> **DIRECTIONS FOR THIS TASK**: An exact copy of the records below is needed, with every picture left out.

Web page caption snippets
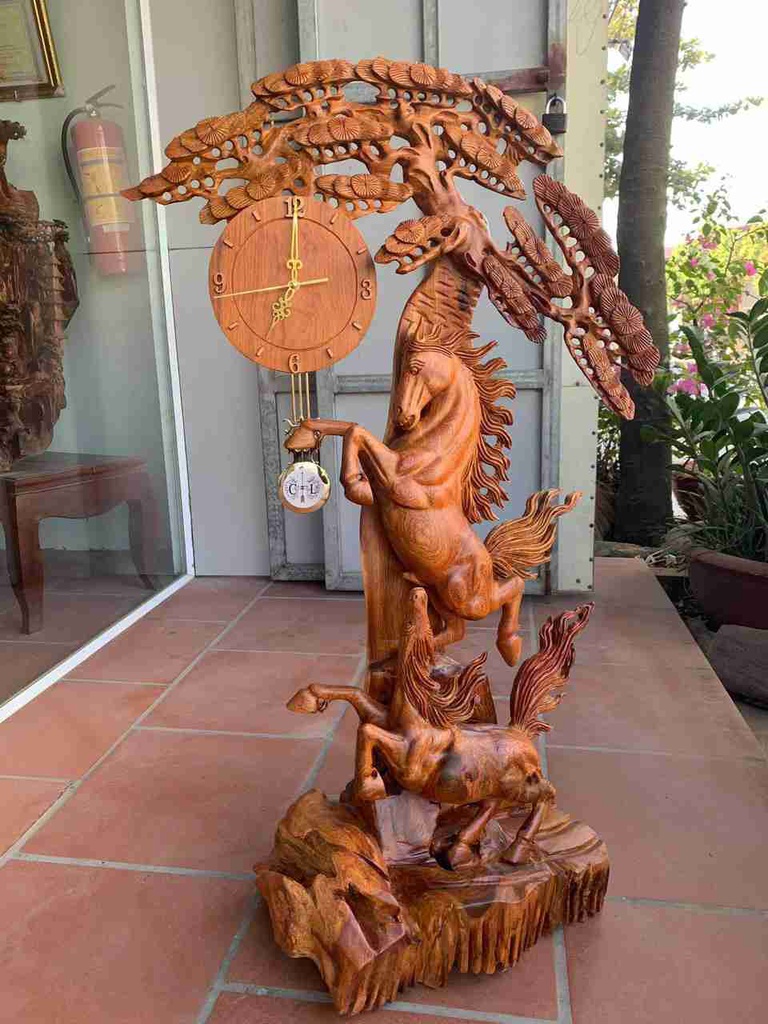 Tuong-Song-Ma-Uyen-Uong-Go-Huong1 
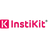 InstiKit Reviews & Ratings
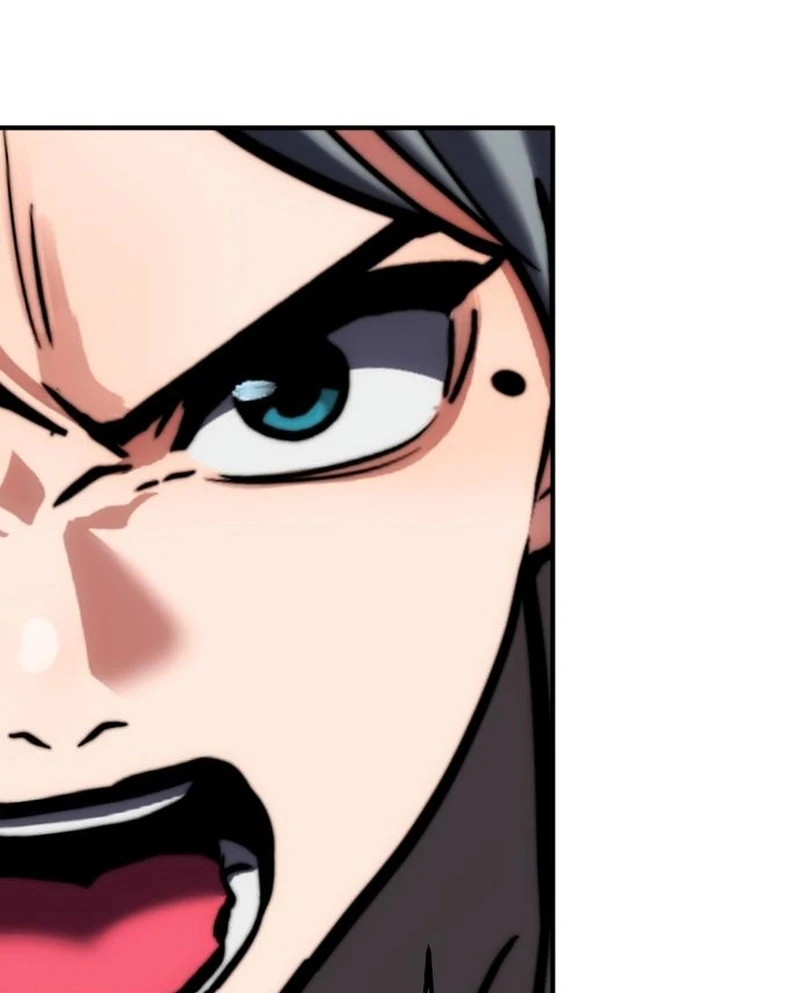 Defense Breaker — Chapter 25 — page 104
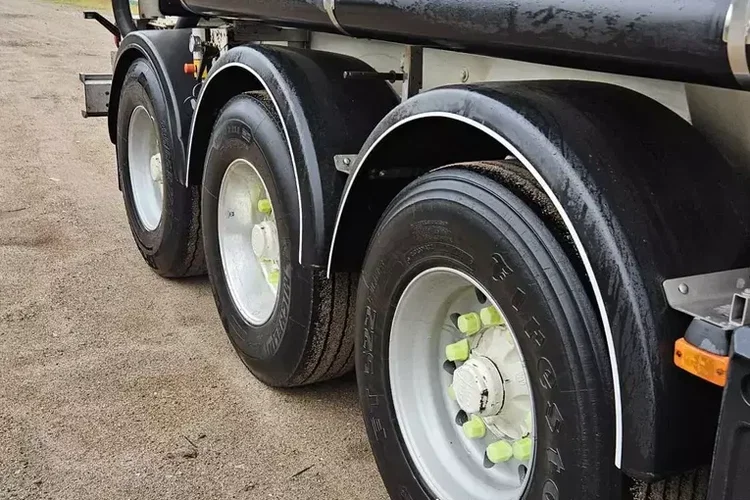 Feldbinder KIP 42.3 zdjęcie 7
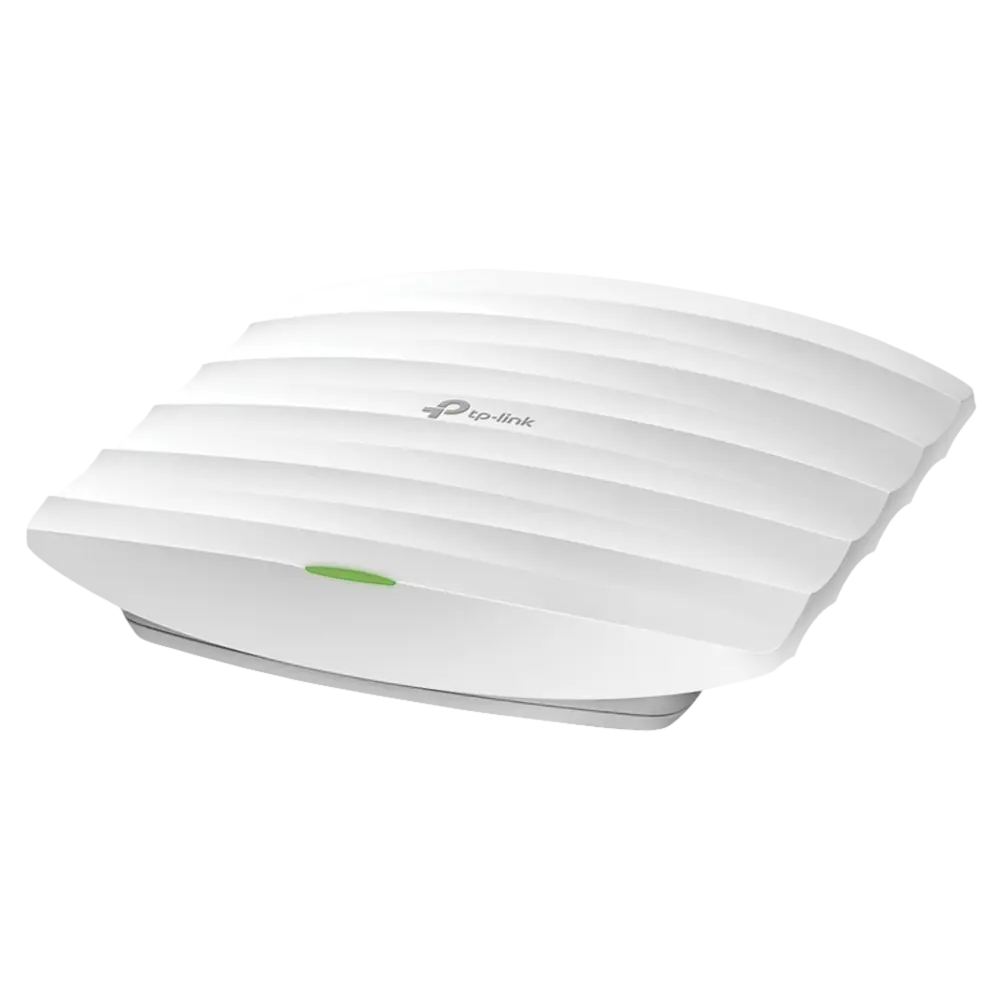 EAP225 AC1350 Access Point מבית TP-LINK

> **TASK RESPONSE**:
 Tuong-Song-Ma-Uyen-Uong-Go-Huong1 
 InstiKit Reviews & Ratings
 Defense Breaker — Chapter 25 — page 104
 Feldbinder KIP 42.3 zdjęcie 7
 EAP225 AC1350 Access Point מבית TP-LINK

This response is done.